Approximately one in ten newly generated chunks will contain mobs

[...]

Mob spawning

Mobs are broadly divided into four categories [...]

Mob caps are directly proportional to the total number of chunks eligible for spawning. To calculate the cap, the spawning area is expanded by one chunk in every direction (so the default gives 17×17 chunks), then the total number of chunks is plugged into the following formula:

cap = constant * chunks / 256

Each mob category has a separate cap and a different constant in the formula:

[...]

Passive = 10

[...]

In single player mode, the chunk count is 17×17 = 289, and the caps work out to:

[...]

Passive = 11

Finally, which passive mob pack is spawned at chunk generation and later (if the cap isn't full) is random, and they all have equal probability. The exception is horses (and donkeys and mules), which have zero possibility of spawning outside of the plains biome.
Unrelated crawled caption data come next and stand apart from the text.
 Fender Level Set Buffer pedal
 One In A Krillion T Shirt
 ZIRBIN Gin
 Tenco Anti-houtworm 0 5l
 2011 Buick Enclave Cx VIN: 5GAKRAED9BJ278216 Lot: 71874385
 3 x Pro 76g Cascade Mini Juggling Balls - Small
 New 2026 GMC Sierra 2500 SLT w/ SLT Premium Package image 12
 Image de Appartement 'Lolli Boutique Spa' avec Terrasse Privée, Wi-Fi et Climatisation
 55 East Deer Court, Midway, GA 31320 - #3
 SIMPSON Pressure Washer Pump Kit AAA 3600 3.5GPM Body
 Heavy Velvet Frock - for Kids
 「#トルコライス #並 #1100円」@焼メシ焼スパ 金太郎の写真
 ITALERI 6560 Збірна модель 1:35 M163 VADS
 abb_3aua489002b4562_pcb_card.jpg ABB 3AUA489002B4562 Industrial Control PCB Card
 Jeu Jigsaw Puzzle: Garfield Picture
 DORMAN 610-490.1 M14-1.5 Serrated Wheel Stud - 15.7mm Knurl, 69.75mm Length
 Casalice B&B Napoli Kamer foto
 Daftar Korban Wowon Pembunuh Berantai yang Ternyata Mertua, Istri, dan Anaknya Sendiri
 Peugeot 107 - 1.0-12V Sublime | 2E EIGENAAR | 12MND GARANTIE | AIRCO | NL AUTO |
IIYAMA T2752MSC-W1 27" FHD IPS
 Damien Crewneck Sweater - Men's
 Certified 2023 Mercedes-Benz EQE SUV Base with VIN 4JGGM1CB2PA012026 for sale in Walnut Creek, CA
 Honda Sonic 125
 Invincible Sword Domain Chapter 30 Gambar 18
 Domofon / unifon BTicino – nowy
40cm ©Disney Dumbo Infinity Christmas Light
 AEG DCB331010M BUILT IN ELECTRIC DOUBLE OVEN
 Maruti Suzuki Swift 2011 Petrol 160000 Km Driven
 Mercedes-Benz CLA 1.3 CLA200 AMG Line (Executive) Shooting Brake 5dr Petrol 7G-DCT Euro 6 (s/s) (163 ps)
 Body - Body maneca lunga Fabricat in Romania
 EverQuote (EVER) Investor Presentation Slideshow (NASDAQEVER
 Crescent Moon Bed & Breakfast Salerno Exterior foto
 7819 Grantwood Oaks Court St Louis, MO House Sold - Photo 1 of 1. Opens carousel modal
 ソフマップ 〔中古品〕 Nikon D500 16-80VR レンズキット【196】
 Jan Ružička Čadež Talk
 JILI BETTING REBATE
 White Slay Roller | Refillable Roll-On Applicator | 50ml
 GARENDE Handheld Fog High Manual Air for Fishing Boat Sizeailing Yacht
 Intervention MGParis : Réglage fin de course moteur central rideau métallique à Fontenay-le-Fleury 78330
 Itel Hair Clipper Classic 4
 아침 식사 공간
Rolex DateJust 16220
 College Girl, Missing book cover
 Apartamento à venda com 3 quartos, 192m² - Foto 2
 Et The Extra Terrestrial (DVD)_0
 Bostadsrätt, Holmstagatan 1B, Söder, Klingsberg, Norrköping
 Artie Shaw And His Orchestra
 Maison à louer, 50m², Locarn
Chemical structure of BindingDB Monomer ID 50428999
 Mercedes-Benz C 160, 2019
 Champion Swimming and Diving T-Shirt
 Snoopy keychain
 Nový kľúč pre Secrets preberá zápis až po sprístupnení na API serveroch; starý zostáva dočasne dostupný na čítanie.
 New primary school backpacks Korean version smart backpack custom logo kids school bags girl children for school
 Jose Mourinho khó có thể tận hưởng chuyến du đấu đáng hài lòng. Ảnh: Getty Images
So, consequently, there is a limit of 11 passive mobs per 17x17 chunk area around the player (in singleplayer). This is the limit that prevents more mob packs from spawning though, so you can actually get slightly over the limit. For example, if the 17x17 area already has 10 passive mobs, a new mob pack will spawn soon. If that mob pack spawns a larger number of animals (say, 5), then you would have 15 animals in that 17x17 chunk area. This pushes the count over the cap, so passive animal spawning is now disabled until the cap falls or you move far enough away that there are fewer animals in the 17x17 chunk area around you.